WHAT YOU HAVE TO DO
No pictures in the copy. Write out the listing below exactly.
*** Opening DATASET SECTION ***
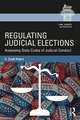 Regulating Judicial Elections: Assessing State Codes of Judicial Conduct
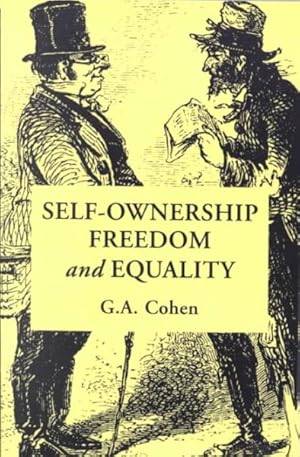 Image du vendeur pour Self-Ownership, Freedom, and Equality mis en vente par GreatBookPricesUK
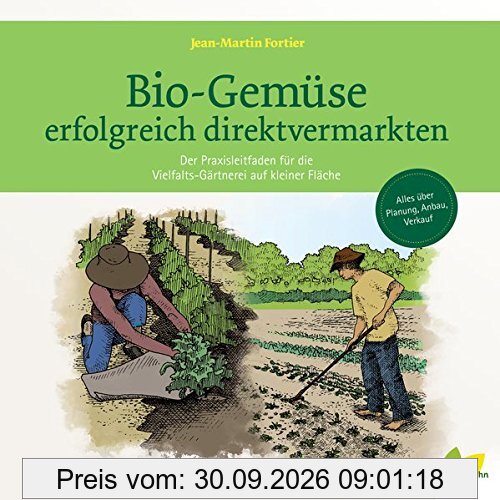 Bio-Gemüse erfolgreich direktvermarkten: Der Praxisleitfaden für die Vielfalts-Gärtnerei auf kleiner Fläche. Alles über Planung, Anbau, …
*** Closing DATASET SECTION ***
OUTPUT
 Regulating Judicial Elections: Assessing State Codes of Judicial Conduct
 Image du vendeur pour Self-Ownership, Freedom, and Equality mis en vente par GreatBookPricesUK
 Bio-Gemüse erfolgreich direktvermarkten: Der Praxisleitfaden für die Vielfalts-Gärtnerei auf kleiner Fläche. Alles über Planung, Anbau, …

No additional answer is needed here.